Berkata Imam Abu Ja’far At-Thabari ketika mengawali tafsirnya atas ayat ini [26]: Berkata ALLAH Yang Maha Perkasa lagi Maha Terpuji: WALTAKUN MINKUM wahai orang-orang beriman; UMMATUN yaitu Jama’ah [27]; YAD’UNA yaitu pada manusia; ILAL KHAYRI yaitu pada Islam & syariatnya yang telah ditetapkan-NYA bagi hamba-hamba-NYA; WA YA’MURUNA BIL MA’RUFI, yaitu memerintahkan manusia untuk mengikuti Muhammad -semoga shalawat dan salam ALLAH yang Maha Suci lagi Maha Tinggi senantiasa tercurah pada diri beliau- dan agama yang dibawanya; WA YANHAUNA ‘ANIL MUNKARI, yaitu mencegah mereka dari kekafiran pada ALLAH -Yang Maha Suci lagi Maha Tinggi- dan penentangan pada Nabi Muhammad -semoga shalawat dan salam ALLAH yang Maha Suci lagi Maha Tinggi senantiasa tercurah pada diri beliau- dan dari agama yang dibawanya, yaitu melalui Jihad di jalan-NYA baik dengan tangan maupun anggota badan, sehingga mereka mengikuti dengan ketaatan… (Perhatikanlah bahwa Imam At-Thabari menyebutkan agar ada & terbentuknya suatu jama’ah diantara ummat ini)..
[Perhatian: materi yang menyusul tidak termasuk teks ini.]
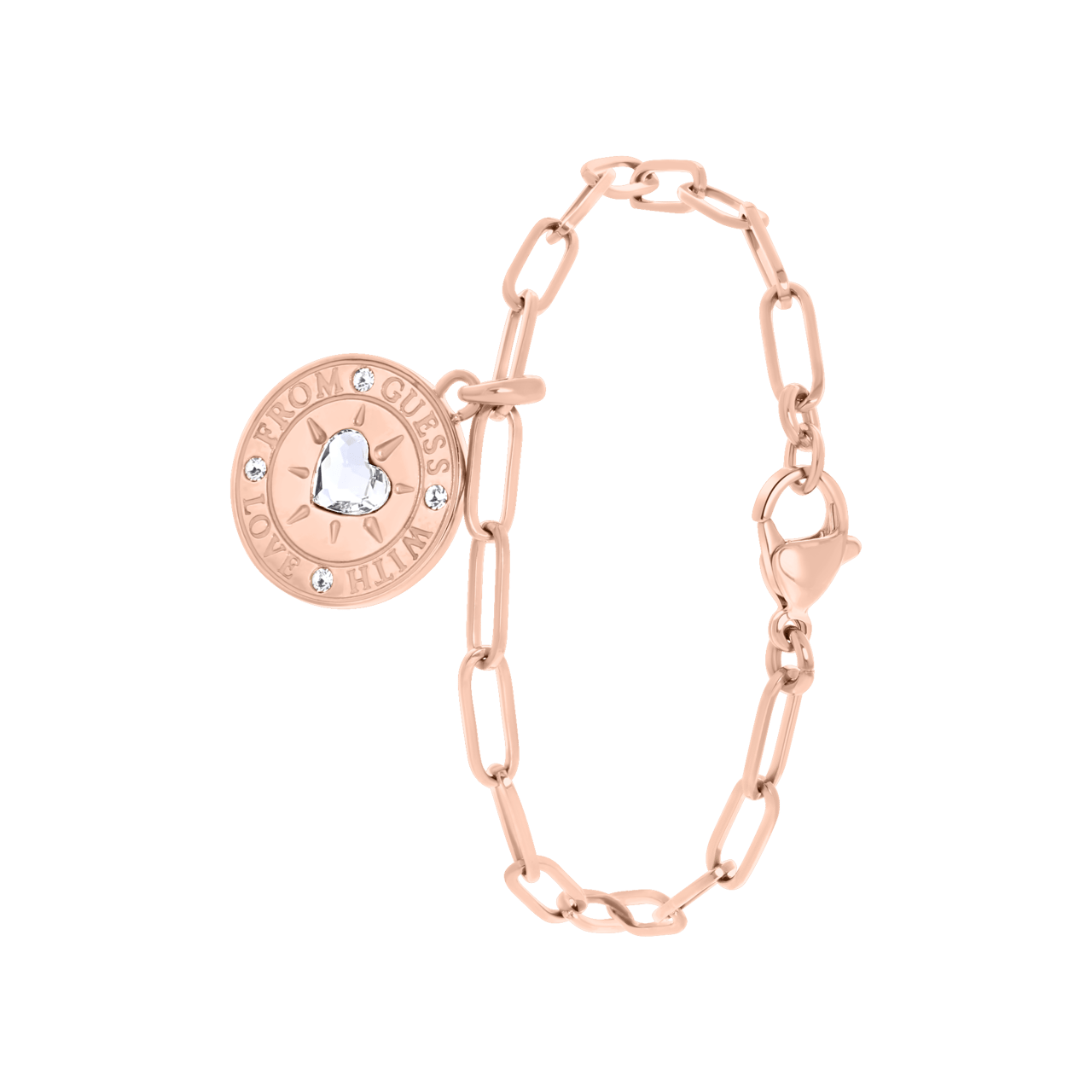 Guess stainless steel roséplated schakelarmband met hanger met kristal voor dames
Imam Jalaluddin As-Suyuthi bahkan lebih maju lagi, beliau dalam tafsirnya [28] setelah menjelaskan berbagai hadits shahih berkaitan ayat ini, menyebutkan atsar dari Ibnu Abi Hatim dari Muqatil bin Hayyan: “Bahwa hendaklah ada suatu kaum, baik 1 atau 2 atau 3 kelompok atau lebih dari itu dan itulah baru disebut sebagai ummat.” Kemudian ia berkata lagi: “Lalu (hendaklah) ada imamnya yang memimpin untuk amar ma’ruf & nahi munkar.” Lebih jauh beliau menyitir hadits yang diriwayatkan oleh Imam Ahmad dari Abu Dzarr -semoga ALLAH Yang Maha Gagah lagi maha Tinggi- meridhoinya- : “Dua orang lebih baik dari 1 orang, 3 orang lebih baik dari 2 orang, dan 4 orang lebih baik dari 3 orang, maka hendaklah kalian bersama Al-Jama’ah, karena ALLAH tidak akan mengumpulkan ummatku kecuali atas petunjuk [29].”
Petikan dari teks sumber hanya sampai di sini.